The Bayesian payoff is not just a best estimate but a full measure of how much to trust it. With Gaussian likelihood and prior, the posterior is Gaussian, and its spread is the posterior covariance

C_{\text{post}} = \big(G^{\mathsf T} C_D^{-1} G + C_M^{-1}\big)^{-1}.

This single matrix is the uncertainty of the answer. Its diagonal entries are the variances of each recovered parameter — square-root them for error bars. Its off-diagonals say which parameters are correlated, i.e. which trade off against each other in the fit.

Resolution and uncertainty are two sides of one ellipse

The posterior is a multivariate Gaussian, and C_{\text{post}} is its uncertainty ellipse. Well-constrained directions (where the data is informative — large singular values) come out with small variance: the ellipse is thin there. Poorly constrained directions stay wide, inheriting the prior's spread. So the shape of the ellipse reports the resolution direction by direction.

Two ways to shrink it: gather more data (each measurement adds to the precision G^{\mathsf T}C_D^{-1}G) or impose a tighter prior (larger C_M^{-1}) — though a tighter prior shrinks uncertainty by adding bias, the same trade-off once more.

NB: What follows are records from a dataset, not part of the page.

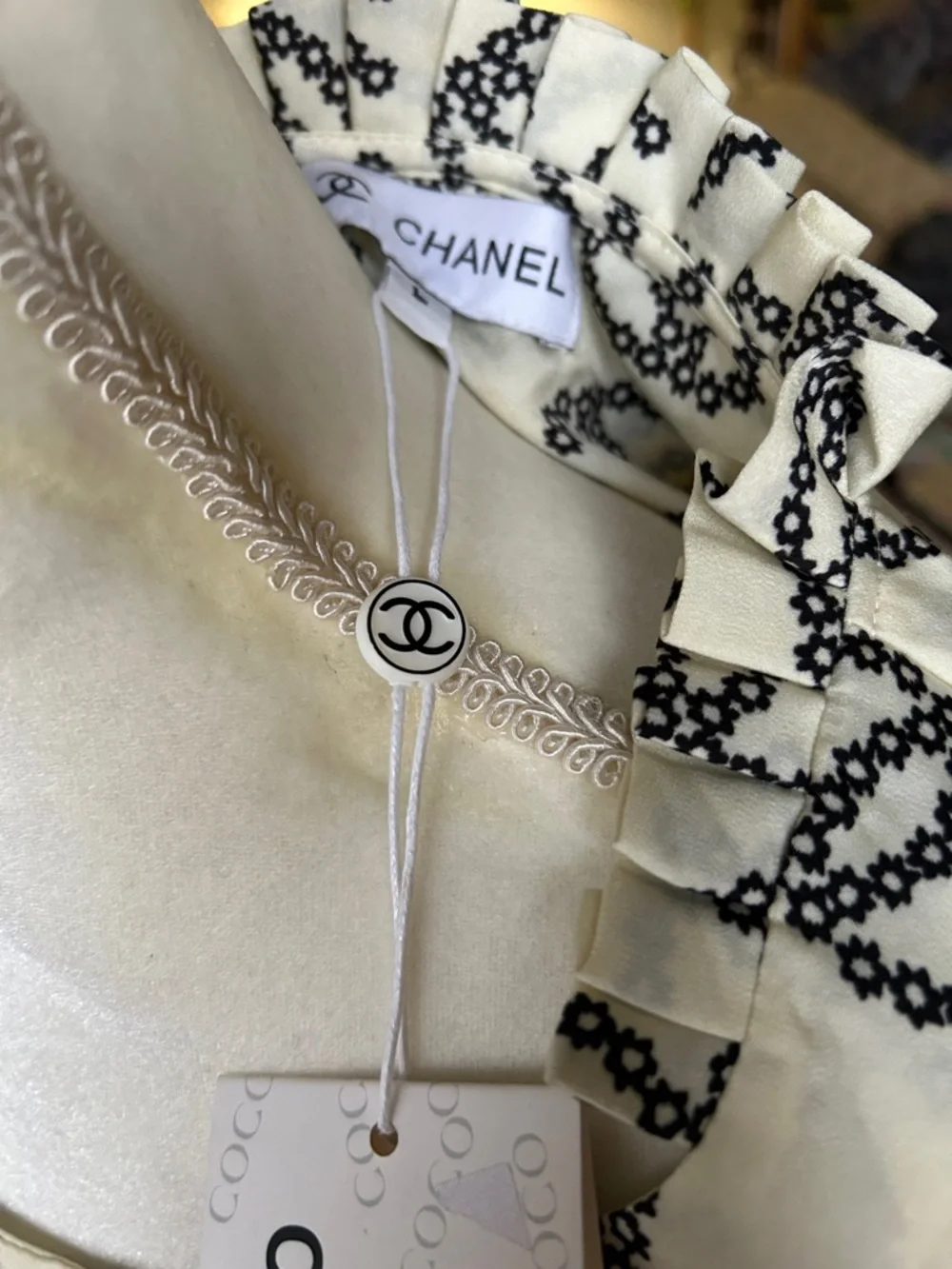 CHANEL Cream and Black CC Print Long Sleeve Top - Picture 4 of 14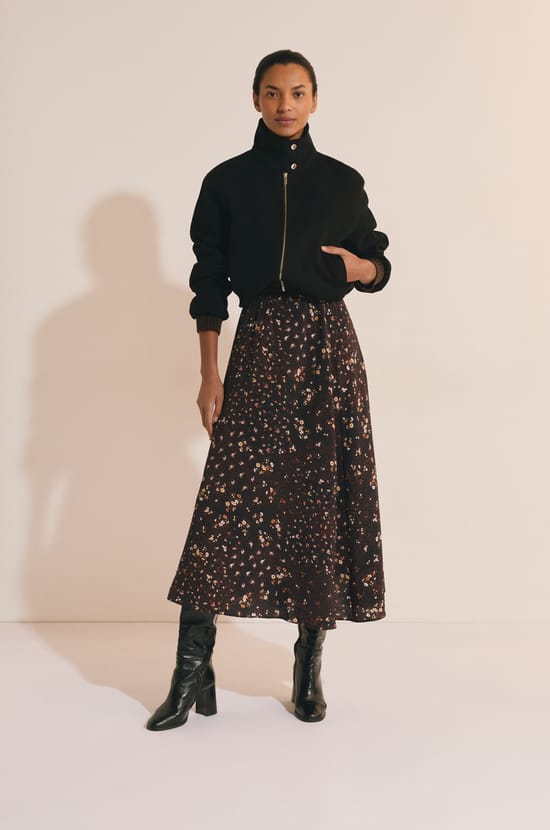 Jupe longue &agrave; motifs fleuris;${refinementColor}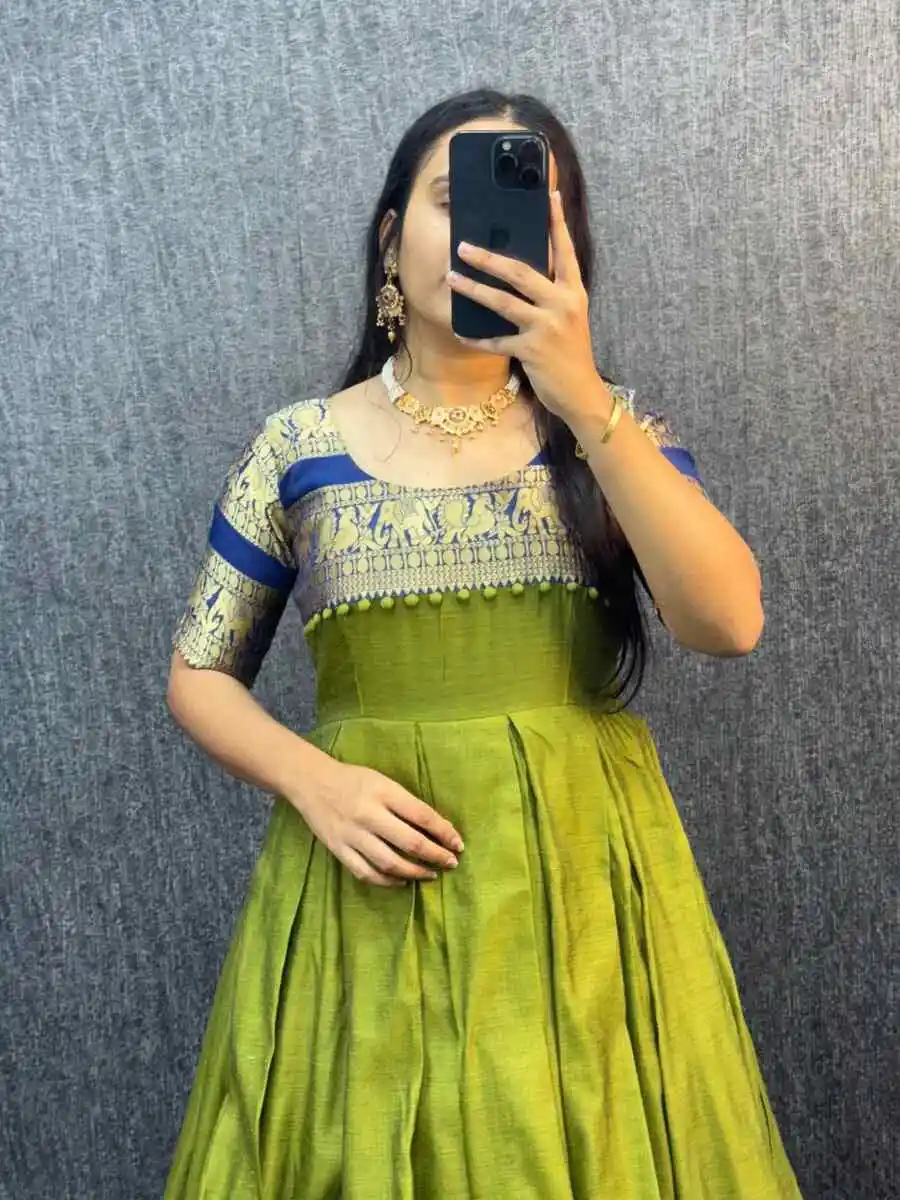 2TRADITIONAL-NARYANPET-SILK-BORDER-WORK-GOWN-WITH-NET-DUPATTA-FESTIVE-WEAR-WHOLESALE-PRICE-ETHNIC-GARMENT-53.webp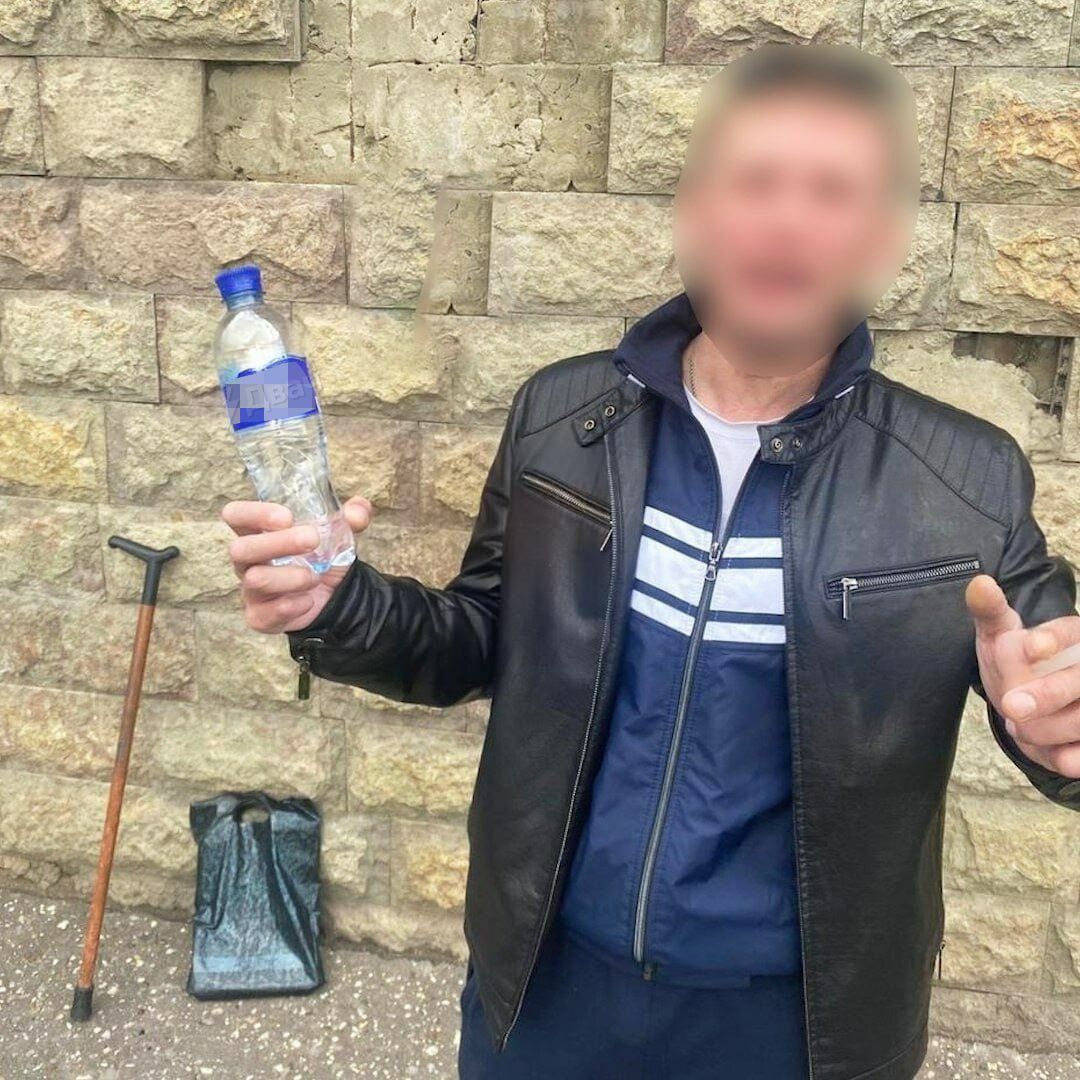 Пришествие Исуса Христоса произошло в российском суде: его осудили по статье 322.3 УК РФ До этого мужчину вызывали в суд Казани, но он на него не явился. Теперь его поймали при выходе из квартиры — оперативники устроили засаду на Исуса. Христос Исус Петрович является злостным нарушителем закона: дело с мигрантами стало пятым в его «судебной биографии». Нарушитель нелегально прописал в своей однушке 45 мигрантов. Уточняется, что 45-летнего мужчину действительно так зовут по паспорту. В 1994 году Исуса осудили за грабёж, в 1996-м — за кражу, а в 1999 году последовал приговор за разбой. Освободившись в 2007-м, через год он снова сел за кражу с проникновением в жилище. Христос имел склонность к запрещённым веществам. С 2014 года он, как сказано в личном деле, предоставленном в суд, состоял на учёте у нарколога, правда, недолго. Уже в 2015-м судебно-психиатрическая комиссия экспертов обнаружила у Исуса органическое расстройство личности, и его сняли с учёта. Теперь Исусу предстоит ответить за незаконную регистрацию мигрантов.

Watch the uncertainty shrink

The ellipse is the posterior covariance for a two-parameter model. With few measurements it is large and tilted (high, correlated uncertainty). Add measurements with the slider: each one adds precision, and the ellipse contracts — fastest along the well-measured direction, slowest along the poorly-measured one, so it does not just shrink but changes shape.